He raises an eyebrow. “A woman with a big appetite. I like it.”

“Let me guess. Your ex would come to this place and order a salad and lemon water.”

He shakes his head. “No, she’d order the lobster and a salad and the most expensive bottle of wine on the menu.”

“Well, I hate wine, so you don’t have to worry about that.”

“A woman after my own heart,” he says as he passes me the beer and whiskey lists.

We place our drink and food orders at the same time, and the server promptly brings the shrimp cocktail appetizer and our craft beers.

“So, Maxi, tell me about yourself,” he says as he offers me a shrimp.

I take the chilled crustacean and dip it into the sauce, which is heavy with the horseradish.

So good.

“What do you wanna know?” I ask.

He shrugs. “The basics.”

“Okay. I’m twenty-nine years old, but I’ll turn thirty in November, which makes me a Scorpio, and that’s a pretty accurate description of my personality. I’m single, and I’ve never been married. I don’t have any kids. I do have a younger sister, and she is married and has two little ones—a boy and a girl. I was born and raised in Baltimore. My mother passed away earlier this year. She left my sister her small house and left me a plot of land here in Tennessee, which my grandfather had left her, so I brought her ashes here to spread in the place she loved the most. That’s about it.”

“And your dad?” he asks.

“He died several years ago.”

“I’m sorry,” he says.

“Don’t be. I’m not.”

His eyes fill with a softness that irritates me.

“Look, my father was a drug addict my entire life. He was abusive to us, especially my mother. The best thing that ever happened to her was finding him dead from an overdose. It freed her. It freed us all. So, stop with the sympathy. I don’t need or want it.”

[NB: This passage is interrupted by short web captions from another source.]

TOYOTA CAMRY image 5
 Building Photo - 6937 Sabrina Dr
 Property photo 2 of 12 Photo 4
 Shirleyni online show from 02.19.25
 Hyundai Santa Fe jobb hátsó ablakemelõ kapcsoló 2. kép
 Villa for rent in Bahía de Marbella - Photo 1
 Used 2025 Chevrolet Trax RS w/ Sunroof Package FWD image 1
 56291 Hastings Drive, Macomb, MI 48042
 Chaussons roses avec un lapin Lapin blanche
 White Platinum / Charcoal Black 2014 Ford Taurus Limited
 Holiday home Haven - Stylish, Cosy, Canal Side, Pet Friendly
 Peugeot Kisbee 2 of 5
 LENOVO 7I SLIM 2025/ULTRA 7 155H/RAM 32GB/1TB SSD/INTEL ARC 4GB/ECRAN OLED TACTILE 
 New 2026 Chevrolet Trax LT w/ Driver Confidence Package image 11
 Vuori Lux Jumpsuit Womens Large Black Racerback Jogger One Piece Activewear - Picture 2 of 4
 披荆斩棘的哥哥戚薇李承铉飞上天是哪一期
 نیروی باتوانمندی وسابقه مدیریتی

He’s silent as he watches me, like he doesn’t believe me. It makes me uncomfortable.

“Now, tell me about you,” I demand.

“You probably know most of it,” he says.

“Tell me anyway.”

“I’m thirty-seven. A Taurus. I have five brothers. Three older than me and two younger, so I’m a momma’s boy who suffers from middle child syndrome. I have worked for the Valley Fire and Rescue since graduating from college, and I made chief last year. I was married once, but I have no children. Though I hope to one day. And you know my parents.”

“Wait a minute, I thought you and Susanna were high school sweethearts?”

“We were, but when I left for school, we decided to date other people. Well, she decided. She didn’t like being the only girl without a boyfriend to cart her books around and escort her to pep rallies,” he says.

“You’re joking.”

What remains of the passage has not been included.